Germany finds 1,500 masterpieces looted by Nazis

Germany finds 1,500 masterpieces looted by Nazis

BERLIN - Agence France-Presse

Nearly 1,500 priceless paintings found in an apartment, German police said.

Nearly 1,500 priceless paintings including works by Picasso and Matisse that were stolen by the Nazis have been discovered in a flat in Munich, a news report said on Nov. 4.
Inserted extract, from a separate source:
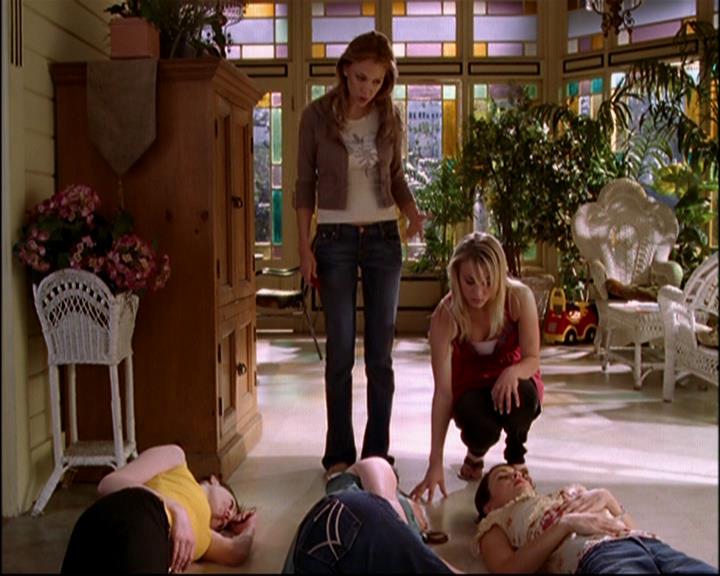Charmed-Online-dot-819TheJungAndTheRestless1250.jpg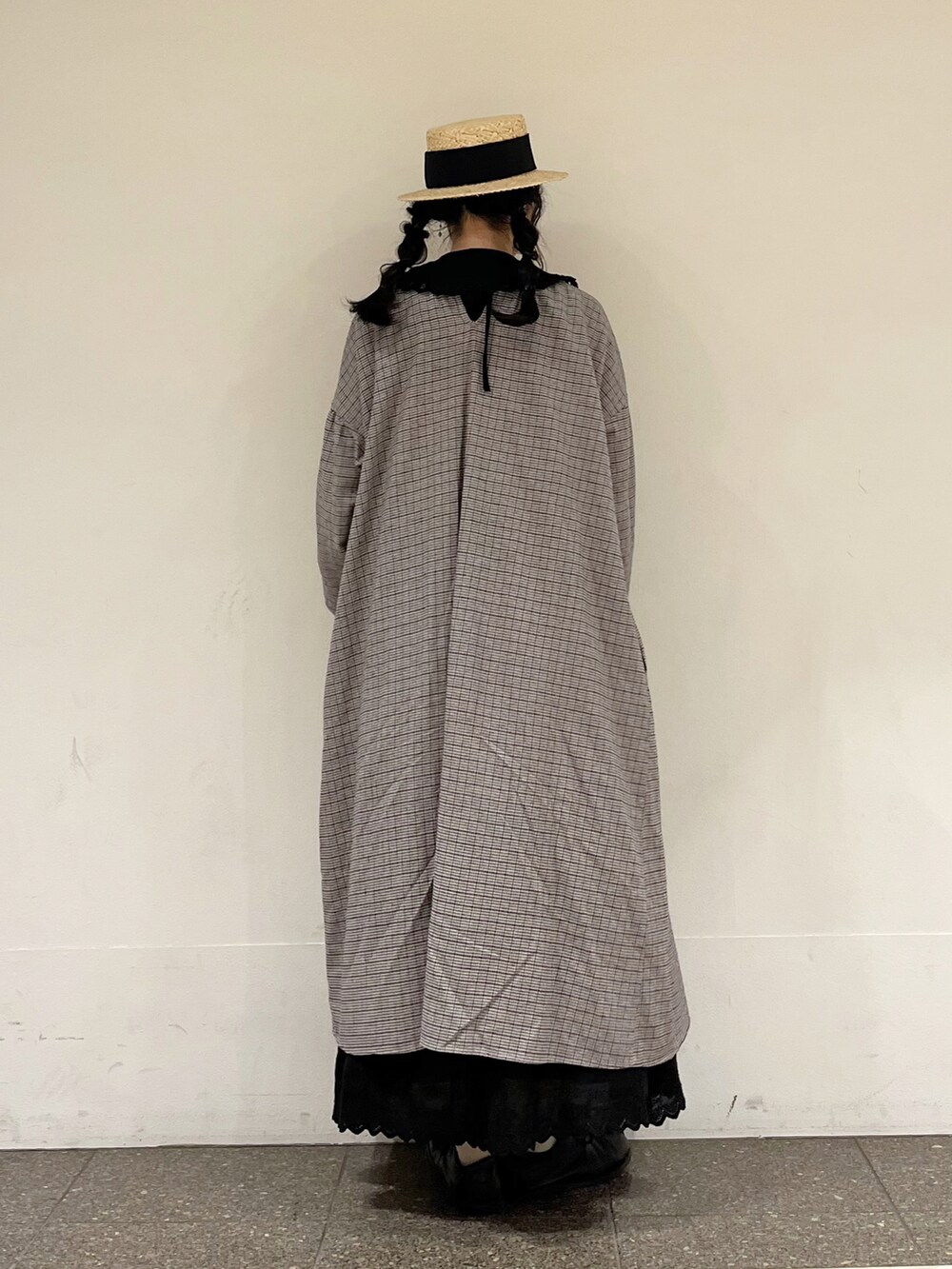 ブラック系のワンピース、ブラック系のスカート、ブラック系のシャツ/ブラウスを着用したレディースの冬コーディネートの4枚目の写真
The German weekly Focus said police came upon the paintings during a 2011 search in an apartment belonging to the octogenarian son of art collector Hildebrand Gurlitt, who had bought them during the 1930s and 1940s.
 
The search was carried out because the son, Cornelius Gurlitt, was under suspicion for tax evasion, Focus said.
 
The report said the works were thought to be worth around one billion euros ($1.3 billion dollars) on today’s market.
 
The artworks lay hidden amid old jam jars and junk in darkened rooms in Gurlitt’s apartment in the southern city for more than half a century, the paper said.
 
Gurlitt, a recluse without a job, had sold a few over the course of the years, living off the proceeds, the paper reported.
 
His father, despite having a Jewish grandmother, had become indispensable to officials in the Third Reich because of his art expertise and his vast network of contacts. Hitler’s propaganda minister Joseph Goebbels put Gurlitt in charge of exporting the art, which the Nazi party considered “
"degenerate”.
 
The collection included many of the great masters of the 20th century, among them the German painters Emil Nolde, Franz Marc, Max Beckmann and Max Liebermann. Among the paintings discovered was one by Henri Matisse that had belonged to the Jewish collector Paul Rosenberg. Rosenberg, who fled Paris leaving his collection behind, was the grandfather of Anne Sinclair, the former wife of the disgraced French politician Dominique Strauss-Kahn.
 
The prosecutor in the southern city of Augsburg, who is reportedly handling the affair, declined to comment on the story, according to German press agency DPA. The paintings are stored safely in a customs warehouse outside Munich.